James Conroy presents "A (Tentative) Genealogy of Stupidity"
- Date: Wednesday, March 20
- Time: Noon-1:30 p.m.
- Location: Aderhold Hall Room G23
James C. Conroy, professor of philosophical and religious education at the University of Glasgow will present his work in progress, “A (Tentative) Genealogy of Stupidity.”
Claritas. The dry-eyed Latin word
Is perfect for the carved stone of the water
… Lines
Hard and thin and sinuous represent
The flowing river. Down between the lines
Little antic fish are all go. Nothing else.

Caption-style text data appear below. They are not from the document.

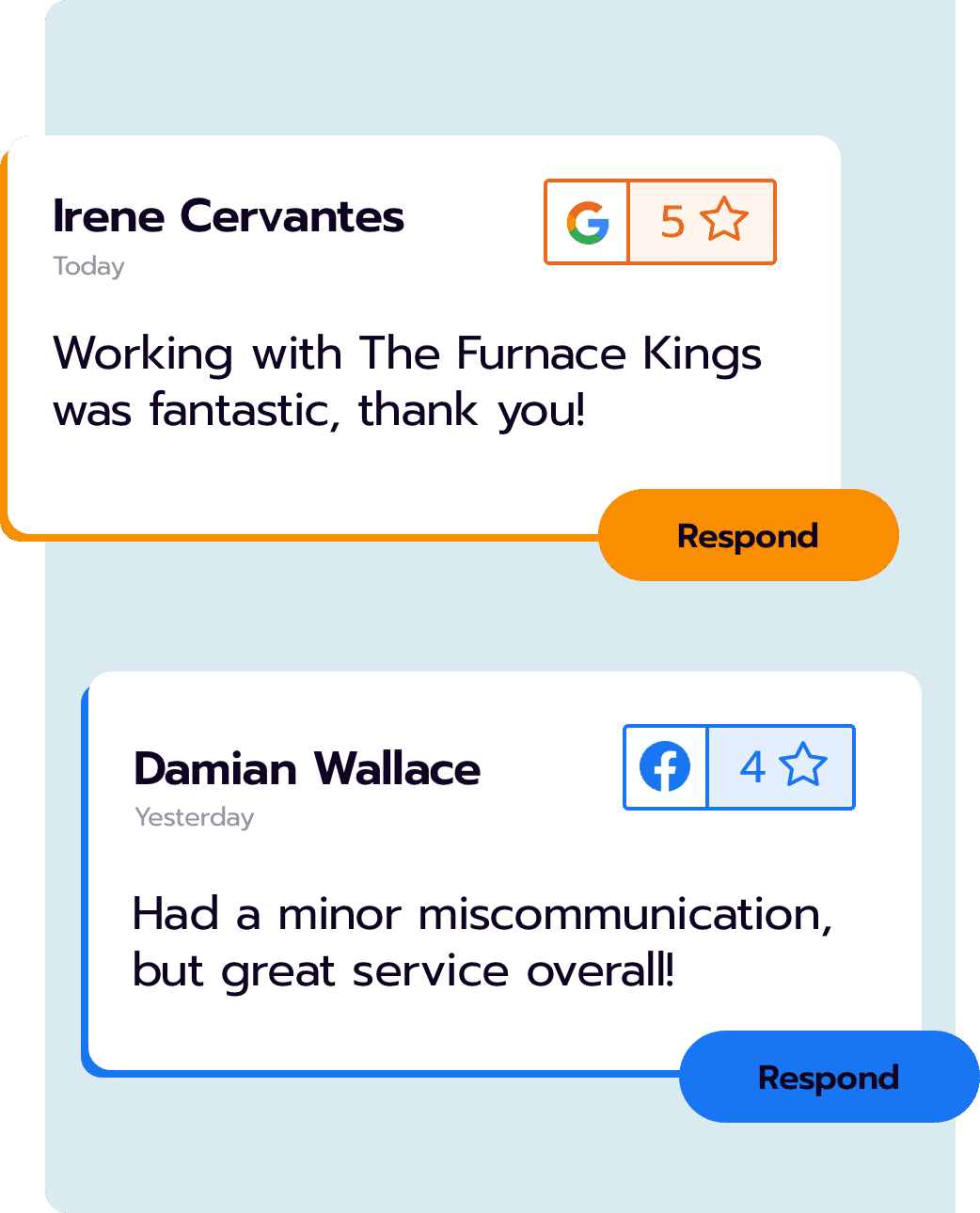 Customer reviews from Google and Facebook with ratings showing business feedback and responses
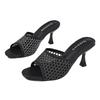 Fashion Female Shoes On Sale 2025 New Women’s Modern Slippers Summer Mesh Thin Heels Slippers for Daily Plus Size Fashion Dress Sandals
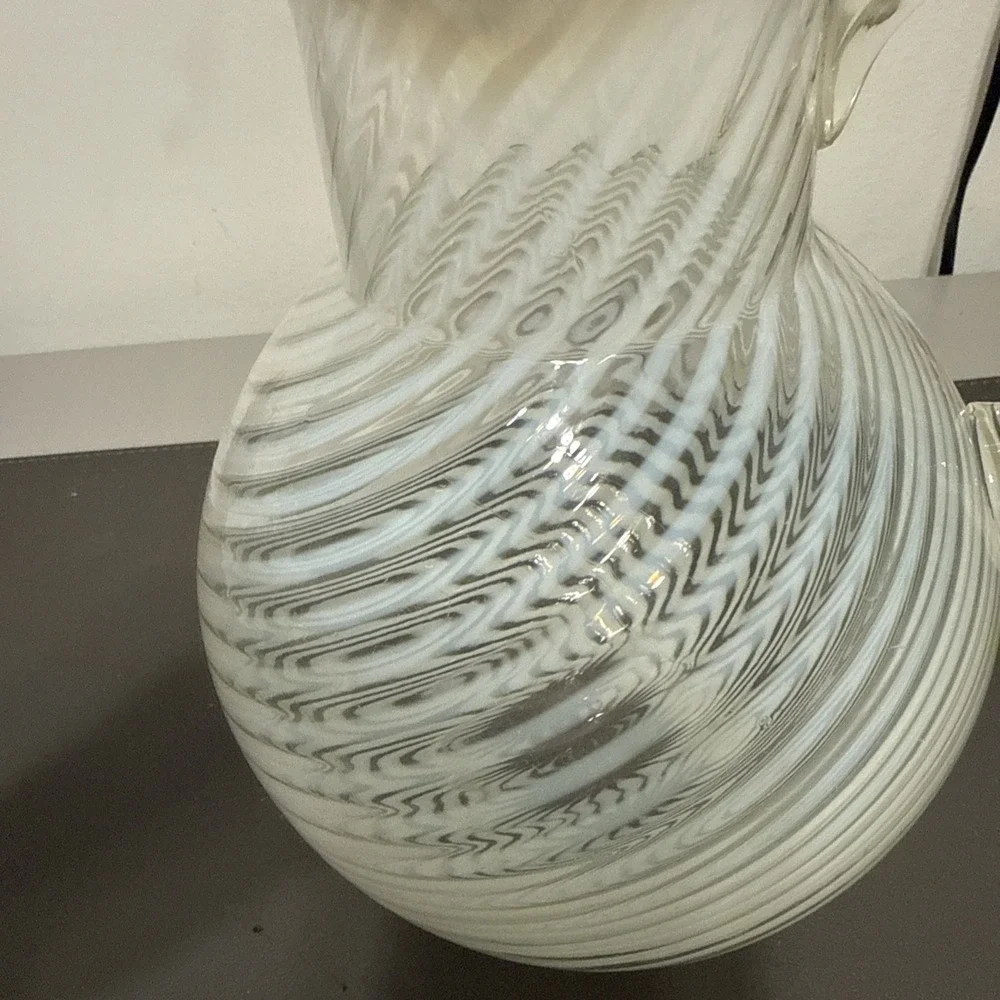 Antique Northwood White Opalescent Swirl Pitcher Victorian Glass 9in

And yet in that utter visibility
The stone’s alive with what’s invisible.
In these lines from his poem “Seeing Things,” Seamus Heaney captures the need to recognise that the apparently invisible sits at the very heart of the visible. And often what is invisible in public conversation and education is similarly in plain view, if only we can look into the deep downess of things and past the fearful shibboleths of social class, false respect, and liberal sentiment. This paper, a work in progress, explores the concept of stupidity; a concept that is often associated with bland insult and pejoration, but which is much more complicated etymologically and politically than is often assumed. It tentatively argues that liberal education has been so fearful of naming stupidity, which sits in plain sight, that it has failed to understand its power and import in modern liberal discourse. Here I want to suggest that the epistemic conditions of 21st century life conduce to the maintenance of stupidity and that education has a significant responsibility for this in an era where the global spend on education has grown inexorably. I also wish to resurface and reinvigorate some modest, if traditional strategies for challenging stupidity.